“É fácil ser mártir. É fácil ser herói. Difícil é trabalhar todos os dias, sabendo que seu trabalho é insignificante.” Esta frase, dita pelo padre Julián (Ricardo Darín) ao padre Nicolás (Jérémie Renier) num momento de crise deste, pouco depois de chegar, como missionário, à miserável e violenta favela de Villa Virgen, periferia de Buenos Aires, expressa, na sua simplicidade e crueza, o dilema de todos aqueles que se envolveram ou se envolvem em lutas sociais pela América Latina afora. Dilema que se amplifica quando os protagonistas pertencem à Igreja Católica, que nesta região protagonizou a conhecida Teologia da Libertação, nos anos 1960-80, atualmente ofuscada por uma vertente espiritualista, fechada em si, desde os tempos do Cardeal Ratzinger (Papa Bento XVI).
O padre Julián, seu colega Nicolás e a assistente social Luciana (Martina Gusman) protagonizam “Elefante Branco” (2012), dirigido por Pablo Trapero. O título remete a uma grande obra abandonada, na capital argentina, na qual e em torno da qual vivem precariamente em torno de trinta mil pessoas, enfrentando um quotidiano de miséria e violência semelhante ao das favelas do Rio de Janeiro. O tráfico de drogas, com as conhecidas disputas de territórios pelos grupos rivais, envolvendo a população e conturbando o quotidiano dá a tônica dos acontecimentos, nos quais se mete, sem nenhuma originalidade, a polícia corrupta.
A omissão governamental – também velha conhecida – é uma peste encontradiça, na favela, do mesmo modo que as chuvas torrenciais que com frequência tudo alaga e encharca por ali. A ela se junta, para desespero dos padres engajados, o baixo envolvimento concreto do alto clero local – talvez conhecido do atual Papa Francisco, de quem se diz que atuou em situações parecidas como as da Villa Virgen.

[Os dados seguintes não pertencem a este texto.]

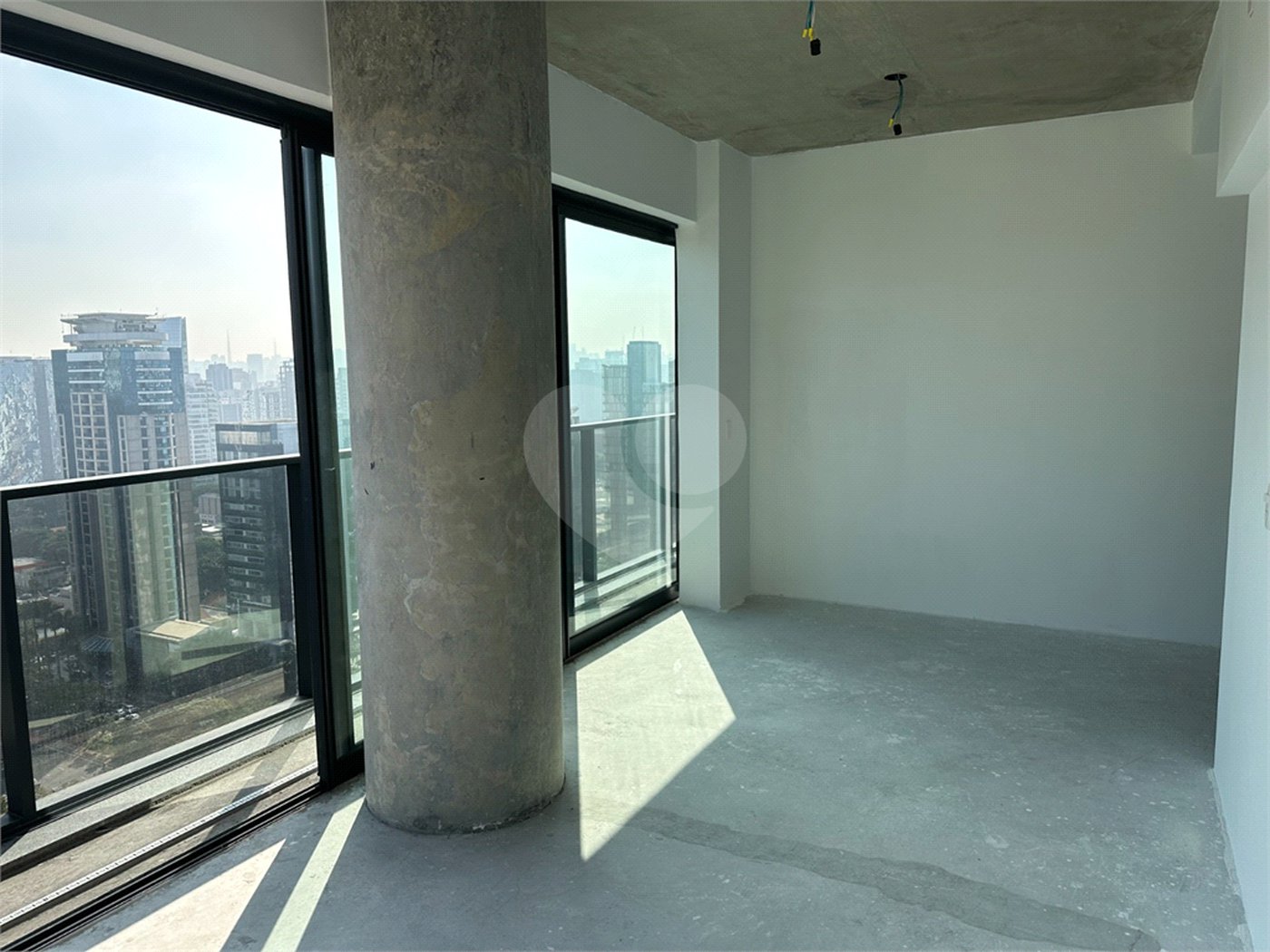 Apartamento à venda com 3 suítes em Vila Olímpia, São Paulo, SP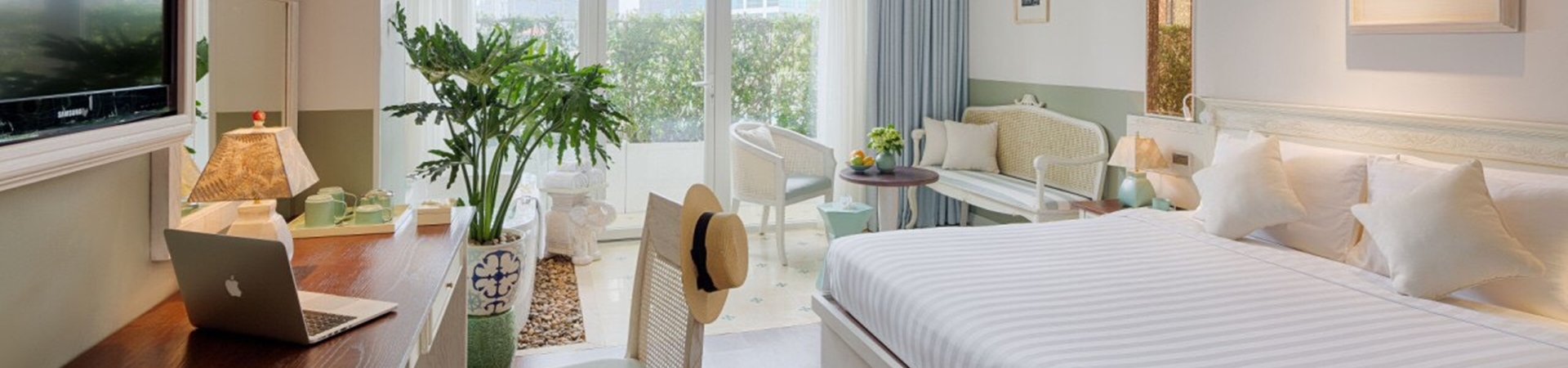 Au Lac Charner Hotel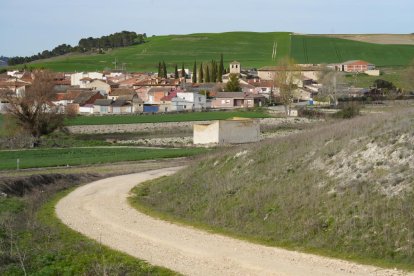 Un camino para entrar en el pueblo vallisoletano de Wamba.
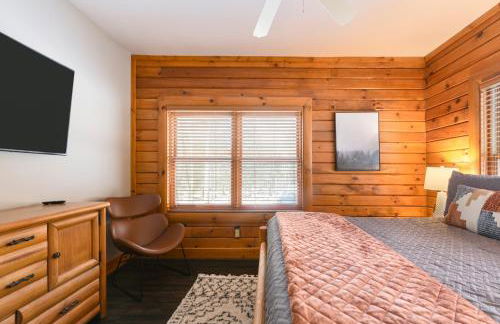 Jamesons Cabin! 8 Minutes to Wisp, HotTub, FirePit, Pets, EV Chgr - Foto 18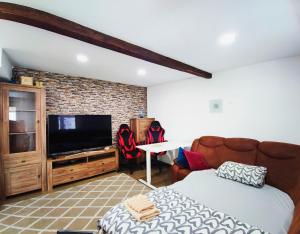 TV a/nebo společenská místnost v ubytování Cozy Corner Studio with Kitchen& Private Bath
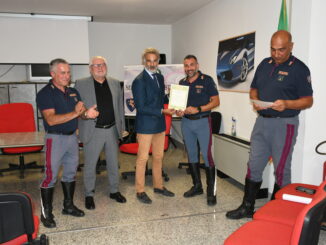 Polizia Stradale Oristano, premiati due agenti per il Giro di Sardegna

Cenas de confronto entre manifestantes e policiais dão tensão ao filme, juntando-se às angustiantes situações vividas por jovens drogados que os padres tentam recuperar, sem sucesso, e tentam proteger – o que leva ao assassinato do Padre Julián numa cena-denúncia de alto impacto, em que pese a banalidade de situações semelhantes em favelas latino-americanas.
A sensibilidade e os restos de humanidade que perduram nas circunstâncias vividas pela massa miserável, pelos padres e pela assistente social (estes, claramente os agentes exógenos, diferentes, que se indignam e se colocam de corpo e alma na tarefa de ajudar a melhorar as condições de vida no local, no esteio de uma fé socialmente engajada) se destacam na figura do padre Nicolás, um belga de família rica que, depois de passar um ano em retiro espiritual, sem se comunicar, em absoluto silêncio, termina em Villa Virgen para auxiliar Julián, a quem conhecera antes, passando a respeitar e admirar. Torna-se inevitável seu envolvimento com Lucia, o que gera uma crise vocacional que coloca em risco sua condição de sucessor de Julián. Morte este, o padre belga volta à vida de monge, recluso (a figura da Igreja conservadora), mas termina voltando ao projeto em Villa Virgen (a Igreja progressista resistindo, Lucia atraindo ou as duas coisas?).
A história de Macaquinho (assim chamado por subir no telhado para fugir às surras paternas), um jovem drogado na luta por recuperação, sob amparo dos padres, é um dos fios condutores do enredo, culminando com sua captura dramática, em uma das cenas mais fortes do filme, por ter assassinado um policial (Cruz) infiltrado na favela e colocado a serviço dos padres (que nada sabiam de sua condição de espião).
Embora se trate de um drama-denúncia, o roteiro e a direção conseguem evadir-se dos julgamentos chapados, deixando fluir a vida dos personagens de um modo que as contradições e conflitos sejam sentidos e avaliados pelos expectadores sem indução ao maniqueísmo, típico deste tipo de empreendimento cinematográfico. O filme não resolve situações que a vida não solucionou na América Latina, porque por aqui os super heróis ainda não deram o ar de sua graça, e mesmo os mais fiéis seguidores de Jesus Cristo titubeiam, diante de tanta miséria, corrupção, descaso e abandono.